MLDF-BEV: a multi-layer decoupled fusion networks-based method for 3D object detection in autonomous driving
摘要
Multi-camera based 3D object detection is an important research direction in the field of autonomous driving environment perception. This paper addresses the issues of low detection accuracy and missed detections caused by insufficient image feature extraction and excessive coupling of multi-scale features in the Bird’s-eye view architecture. We propose a novel multi-layer decoupled fusion network model architecture (MLDF-BEV). By designing a multi-layer decoupled fusion network (MLDFNs), we aim to fully extract and fuse multi-layer features to improve object capture capability. Specifically, we introduce a deformable attention mechanism in the backbone network (MLDFNs-Backbone) to enhance the perception and modeling ability of complex spatial structures. Additionally, we design a multi-layer decoupling module (MLDF-module) to decouple the highly coupled multi-scale features.

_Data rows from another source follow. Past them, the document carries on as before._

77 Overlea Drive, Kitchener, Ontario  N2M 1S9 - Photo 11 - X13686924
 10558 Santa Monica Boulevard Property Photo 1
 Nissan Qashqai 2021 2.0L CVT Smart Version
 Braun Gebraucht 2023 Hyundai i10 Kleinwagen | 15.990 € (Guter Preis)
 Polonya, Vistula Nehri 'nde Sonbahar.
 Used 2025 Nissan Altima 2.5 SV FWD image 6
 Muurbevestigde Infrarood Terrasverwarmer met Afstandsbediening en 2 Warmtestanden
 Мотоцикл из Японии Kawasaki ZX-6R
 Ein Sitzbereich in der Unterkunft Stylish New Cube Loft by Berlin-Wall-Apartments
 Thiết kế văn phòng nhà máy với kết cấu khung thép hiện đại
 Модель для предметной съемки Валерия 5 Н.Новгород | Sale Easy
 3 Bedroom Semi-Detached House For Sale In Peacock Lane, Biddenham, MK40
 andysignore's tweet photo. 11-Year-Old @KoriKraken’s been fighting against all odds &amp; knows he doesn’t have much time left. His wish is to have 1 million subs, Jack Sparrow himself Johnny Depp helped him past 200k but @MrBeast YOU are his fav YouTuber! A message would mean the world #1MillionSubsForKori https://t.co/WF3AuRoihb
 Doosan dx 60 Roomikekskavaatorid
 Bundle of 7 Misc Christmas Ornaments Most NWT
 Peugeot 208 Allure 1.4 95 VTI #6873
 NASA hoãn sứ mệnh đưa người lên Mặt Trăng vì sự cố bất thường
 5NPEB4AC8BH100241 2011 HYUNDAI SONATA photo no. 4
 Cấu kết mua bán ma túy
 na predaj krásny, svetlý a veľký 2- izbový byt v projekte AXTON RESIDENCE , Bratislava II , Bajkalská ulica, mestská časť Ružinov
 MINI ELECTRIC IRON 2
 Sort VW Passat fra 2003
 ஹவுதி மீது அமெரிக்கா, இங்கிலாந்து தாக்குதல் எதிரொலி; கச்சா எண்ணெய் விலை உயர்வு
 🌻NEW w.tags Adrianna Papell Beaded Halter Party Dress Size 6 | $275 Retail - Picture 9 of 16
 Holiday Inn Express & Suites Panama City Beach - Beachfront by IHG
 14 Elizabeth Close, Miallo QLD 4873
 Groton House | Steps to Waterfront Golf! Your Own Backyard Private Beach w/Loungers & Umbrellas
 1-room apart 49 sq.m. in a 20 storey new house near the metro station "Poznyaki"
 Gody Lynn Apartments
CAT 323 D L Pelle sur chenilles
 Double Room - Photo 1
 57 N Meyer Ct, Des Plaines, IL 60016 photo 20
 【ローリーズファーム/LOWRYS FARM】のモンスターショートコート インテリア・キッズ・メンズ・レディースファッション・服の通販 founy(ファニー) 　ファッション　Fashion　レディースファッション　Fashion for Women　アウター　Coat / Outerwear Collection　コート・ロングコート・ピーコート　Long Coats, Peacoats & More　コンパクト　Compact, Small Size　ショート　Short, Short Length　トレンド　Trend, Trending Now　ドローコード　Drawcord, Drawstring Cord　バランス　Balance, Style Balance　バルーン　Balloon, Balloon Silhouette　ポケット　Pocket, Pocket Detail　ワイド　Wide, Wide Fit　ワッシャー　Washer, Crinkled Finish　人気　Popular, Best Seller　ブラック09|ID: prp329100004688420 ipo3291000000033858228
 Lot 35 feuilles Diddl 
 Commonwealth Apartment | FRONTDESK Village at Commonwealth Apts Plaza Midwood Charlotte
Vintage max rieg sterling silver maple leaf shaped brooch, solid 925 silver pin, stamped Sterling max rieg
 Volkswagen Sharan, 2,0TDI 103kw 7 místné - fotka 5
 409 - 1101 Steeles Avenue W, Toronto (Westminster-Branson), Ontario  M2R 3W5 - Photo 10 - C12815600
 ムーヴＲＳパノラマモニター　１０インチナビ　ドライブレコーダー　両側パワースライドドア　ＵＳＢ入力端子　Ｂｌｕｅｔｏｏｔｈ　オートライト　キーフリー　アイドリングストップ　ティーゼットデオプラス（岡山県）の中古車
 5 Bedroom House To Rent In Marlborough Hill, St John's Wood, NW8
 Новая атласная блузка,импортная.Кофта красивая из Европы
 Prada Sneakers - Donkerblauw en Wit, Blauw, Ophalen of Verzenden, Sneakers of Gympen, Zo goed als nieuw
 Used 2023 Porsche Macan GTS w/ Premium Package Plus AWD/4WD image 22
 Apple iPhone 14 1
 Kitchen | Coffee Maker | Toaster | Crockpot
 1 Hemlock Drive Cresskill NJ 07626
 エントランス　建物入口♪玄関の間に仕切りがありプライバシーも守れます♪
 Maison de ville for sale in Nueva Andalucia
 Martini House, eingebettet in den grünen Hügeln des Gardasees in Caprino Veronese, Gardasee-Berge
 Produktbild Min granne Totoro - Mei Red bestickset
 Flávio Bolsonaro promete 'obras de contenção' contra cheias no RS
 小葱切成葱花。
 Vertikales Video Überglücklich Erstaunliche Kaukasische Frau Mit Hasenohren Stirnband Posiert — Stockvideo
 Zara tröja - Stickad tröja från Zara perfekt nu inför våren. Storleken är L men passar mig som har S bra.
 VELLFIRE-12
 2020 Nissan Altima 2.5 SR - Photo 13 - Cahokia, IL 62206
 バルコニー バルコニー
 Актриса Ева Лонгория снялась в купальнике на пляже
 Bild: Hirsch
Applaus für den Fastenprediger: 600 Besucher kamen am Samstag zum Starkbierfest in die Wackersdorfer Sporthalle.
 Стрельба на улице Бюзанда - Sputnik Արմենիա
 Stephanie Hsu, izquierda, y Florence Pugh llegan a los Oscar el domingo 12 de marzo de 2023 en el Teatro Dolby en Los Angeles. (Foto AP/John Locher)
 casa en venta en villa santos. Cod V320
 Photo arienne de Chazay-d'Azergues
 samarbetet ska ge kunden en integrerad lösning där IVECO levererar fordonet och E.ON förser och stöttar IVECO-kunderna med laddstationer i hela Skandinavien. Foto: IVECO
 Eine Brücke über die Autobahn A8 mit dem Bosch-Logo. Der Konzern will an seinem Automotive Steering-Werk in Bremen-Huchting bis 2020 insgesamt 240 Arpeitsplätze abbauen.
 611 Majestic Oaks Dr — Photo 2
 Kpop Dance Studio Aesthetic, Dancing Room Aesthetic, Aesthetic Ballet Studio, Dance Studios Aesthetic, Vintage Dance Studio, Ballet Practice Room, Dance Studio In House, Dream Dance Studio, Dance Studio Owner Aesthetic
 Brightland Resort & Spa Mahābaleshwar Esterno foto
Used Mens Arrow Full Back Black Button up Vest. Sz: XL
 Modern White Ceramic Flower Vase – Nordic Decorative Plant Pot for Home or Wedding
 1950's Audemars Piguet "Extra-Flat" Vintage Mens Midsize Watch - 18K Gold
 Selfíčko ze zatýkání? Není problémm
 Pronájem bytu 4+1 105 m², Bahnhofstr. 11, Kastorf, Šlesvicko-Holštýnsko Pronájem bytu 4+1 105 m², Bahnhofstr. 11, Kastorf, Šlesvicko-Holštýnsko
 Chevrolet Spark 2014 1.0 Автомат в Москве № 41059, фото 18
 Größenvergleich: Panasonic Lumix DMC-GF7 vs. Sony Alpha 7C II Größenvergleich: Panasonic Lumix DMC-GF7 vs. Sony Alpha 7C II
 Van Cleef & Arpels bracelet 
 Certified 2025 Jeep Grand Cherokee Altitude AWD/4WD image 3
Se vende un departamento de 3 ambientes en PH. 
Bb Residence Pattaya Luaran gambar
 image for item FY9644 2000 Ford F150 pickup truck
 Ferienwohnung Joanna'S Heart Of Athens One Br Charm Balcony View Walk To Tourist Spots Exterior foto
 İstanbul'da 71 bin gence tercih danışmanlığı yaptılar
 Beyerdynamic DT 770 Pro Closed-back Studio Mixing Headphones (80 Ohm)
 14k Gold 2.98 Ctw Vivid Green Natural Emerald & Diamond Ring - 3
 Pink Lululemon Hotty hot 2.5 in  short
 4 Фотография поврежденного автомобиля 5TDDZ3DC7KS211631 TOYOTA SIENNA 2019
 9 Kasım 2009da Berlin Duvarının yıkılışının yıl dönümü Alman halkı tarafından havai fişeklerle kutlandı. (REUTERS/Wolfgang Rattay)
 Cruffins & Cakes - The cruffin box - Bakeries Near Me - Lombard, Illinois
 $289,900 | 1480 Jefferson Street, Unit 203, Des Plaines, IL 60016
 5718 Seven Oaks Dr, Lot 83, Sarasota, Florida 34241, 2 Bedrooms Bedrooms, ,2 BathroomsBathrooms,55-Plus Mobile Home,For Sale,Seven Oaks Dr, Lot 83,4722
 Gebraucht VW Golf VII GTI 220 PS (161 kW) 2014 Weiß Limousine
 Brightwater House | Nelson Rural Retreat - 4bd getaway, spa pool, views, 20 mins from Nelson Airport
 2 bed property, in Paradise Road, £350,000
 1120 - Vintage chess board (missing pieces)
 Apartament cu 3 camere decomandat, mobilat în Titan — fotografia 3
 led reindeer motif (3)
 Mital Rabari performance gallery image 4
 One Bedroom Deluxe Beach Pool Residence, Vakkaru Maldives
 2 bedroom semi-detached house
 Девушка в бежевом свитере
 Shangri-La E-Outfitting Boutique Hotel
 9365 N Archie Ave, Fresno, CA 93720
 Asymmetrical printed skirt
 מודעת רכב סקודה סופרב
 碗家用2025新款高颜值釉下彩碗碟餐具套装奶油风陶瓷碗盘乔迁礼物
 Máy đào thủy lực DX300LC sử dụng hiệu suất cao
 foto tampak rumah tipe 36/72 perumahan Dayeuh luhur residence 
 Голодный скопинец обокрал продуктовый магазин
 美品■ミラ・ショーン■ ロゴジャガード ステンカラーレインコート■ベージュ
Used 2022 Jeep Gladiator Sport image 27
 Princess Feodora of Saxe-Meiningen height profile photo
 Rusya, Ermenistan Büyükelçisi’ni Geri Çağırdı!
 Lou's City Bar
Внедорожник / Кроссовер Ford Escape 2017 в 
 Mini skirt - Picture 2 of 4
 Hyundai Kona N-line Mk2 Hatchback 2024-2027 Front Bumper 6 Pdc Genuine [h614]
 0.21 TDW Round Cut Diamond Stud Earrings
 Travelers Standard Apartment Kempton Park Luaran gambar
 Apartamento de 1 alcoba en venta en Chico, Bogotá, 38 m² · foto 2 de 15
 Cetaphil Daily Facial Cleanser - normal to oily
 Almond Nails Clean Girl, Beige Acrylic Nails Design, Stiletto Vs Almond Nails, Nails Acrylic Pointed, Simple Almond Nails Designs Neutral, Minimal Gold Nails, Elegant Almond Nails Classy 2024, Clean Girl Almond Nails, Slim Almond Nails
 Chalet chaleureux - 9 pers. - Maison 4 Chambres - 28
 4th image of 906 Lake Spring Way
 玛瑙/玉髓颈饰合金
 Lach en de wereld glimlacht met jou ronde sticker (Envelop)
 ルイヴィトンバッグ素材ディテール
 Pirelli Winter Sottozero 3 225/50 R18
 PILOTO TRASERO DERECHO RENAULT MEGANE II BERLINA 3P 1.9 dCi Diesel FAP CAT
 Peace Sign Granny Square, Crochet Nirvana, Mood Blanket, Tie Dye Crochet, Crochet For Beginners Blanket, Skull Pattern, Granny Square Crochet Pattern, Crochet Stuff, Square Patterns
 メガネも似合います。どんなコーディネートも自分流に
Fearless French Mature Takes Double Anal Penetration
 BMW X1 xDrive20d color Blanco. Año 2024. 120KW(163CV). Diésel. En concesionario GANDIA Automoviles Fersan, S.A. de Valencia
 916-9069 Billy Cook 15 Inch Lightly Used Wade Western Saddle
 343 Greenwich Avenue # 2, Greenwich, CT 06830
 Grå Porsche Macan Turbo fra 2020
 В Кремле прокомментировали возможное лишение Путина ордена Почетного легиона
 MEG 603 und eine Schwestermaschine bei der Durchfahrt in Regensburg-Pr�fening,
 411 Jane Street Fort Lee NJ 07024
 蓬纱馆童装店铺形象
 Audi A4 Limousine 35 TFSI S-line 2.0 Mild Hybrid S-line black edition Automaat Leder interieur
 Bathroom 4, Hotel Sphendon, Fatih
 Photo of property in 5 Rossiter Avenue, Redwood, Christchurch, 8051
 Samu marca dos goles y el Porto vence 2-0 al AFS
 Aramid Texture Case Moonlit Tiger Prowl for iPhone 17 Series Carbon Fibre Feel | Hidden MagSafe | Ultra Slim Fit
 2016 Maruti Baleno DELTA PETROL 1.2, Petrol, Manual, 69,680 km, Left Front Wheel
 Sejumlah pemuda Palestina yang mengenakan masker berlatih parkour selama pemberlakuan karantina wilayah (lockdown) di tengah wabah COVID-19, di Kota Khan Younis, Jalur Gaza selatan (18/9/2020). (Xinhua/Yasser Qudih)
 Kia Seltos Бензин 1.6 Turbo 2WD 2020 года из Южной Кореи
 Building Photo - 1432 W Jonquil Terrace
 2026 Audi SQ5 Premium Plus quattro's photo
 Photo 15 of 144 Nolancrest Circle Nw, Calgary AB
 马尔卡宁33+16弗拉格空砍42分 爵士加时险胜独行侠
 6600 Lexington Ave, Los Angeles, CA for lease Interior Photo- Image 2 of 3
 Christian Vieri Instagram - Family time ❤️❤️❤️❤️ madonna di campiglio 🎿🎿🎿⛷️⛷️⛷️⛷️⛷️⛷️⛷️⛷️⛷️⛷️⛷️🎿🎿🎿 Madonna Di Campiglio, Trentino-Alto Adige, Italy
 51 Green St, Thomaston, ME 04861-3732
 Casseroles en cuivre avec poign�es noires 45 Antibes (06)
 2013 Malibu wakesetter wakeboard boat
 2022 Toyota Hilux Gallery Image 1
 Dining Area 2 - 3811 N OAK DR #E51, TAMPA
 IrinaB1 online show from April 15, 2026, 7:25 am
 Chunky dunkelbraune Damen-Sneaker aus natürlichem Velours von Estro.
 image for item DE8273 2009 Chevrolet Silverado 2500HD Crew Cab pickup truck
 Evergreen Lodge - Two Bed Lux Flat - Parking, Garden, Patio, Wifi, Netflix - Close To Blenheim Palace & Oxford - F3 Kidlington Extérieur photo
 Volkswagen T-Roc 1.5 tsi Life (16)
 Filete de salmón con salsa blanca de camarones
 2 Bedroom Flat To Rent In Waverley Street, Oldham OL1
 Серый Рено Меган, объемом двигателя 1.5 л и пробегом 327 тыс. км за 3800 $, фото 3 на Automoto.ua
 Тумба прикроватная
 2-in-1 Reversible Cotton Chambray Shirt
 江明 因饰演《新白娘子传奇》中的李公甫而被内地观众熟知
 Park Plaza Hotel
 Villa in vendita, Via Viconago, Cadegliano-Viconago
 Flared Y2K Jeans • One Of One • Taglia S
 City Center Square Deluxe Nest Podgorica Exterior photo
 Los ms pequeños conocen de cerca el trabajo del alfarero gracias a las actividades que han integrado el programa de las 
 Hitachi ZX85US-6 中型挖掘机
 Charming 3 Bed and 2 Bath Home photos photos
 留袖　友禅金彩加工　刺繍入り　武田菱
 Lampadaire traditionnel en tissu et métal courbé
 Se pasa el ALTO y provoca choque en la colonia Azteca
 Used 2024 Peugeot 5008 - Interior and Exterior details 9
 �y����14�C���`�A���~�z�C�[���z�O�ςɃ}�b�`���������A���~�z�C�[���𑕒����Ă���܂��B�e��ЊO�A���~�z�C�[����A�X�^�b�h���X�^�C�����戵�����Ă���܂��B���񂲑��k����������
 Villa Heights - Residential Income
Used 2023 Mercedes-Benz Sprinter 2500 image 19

The MLDF-module adaptively adjusts the receptive field through multi-branch information flow, reducing global information blur and local information loss. The fusion and refinement of multi-layer features are achieved through a minimal selection decoupling function, which suppresses background noise in the image. Extensive experiments on the nuScenes and Waymo datasets demonstrate that the MLDF-BEV model achieves superior performance, improving mAP and NDS metrics by 1.8% and 1.5%, respectively, compared to state-of-the-art models. The proposed method has potential applications in the field of autonomous driving environmental perception.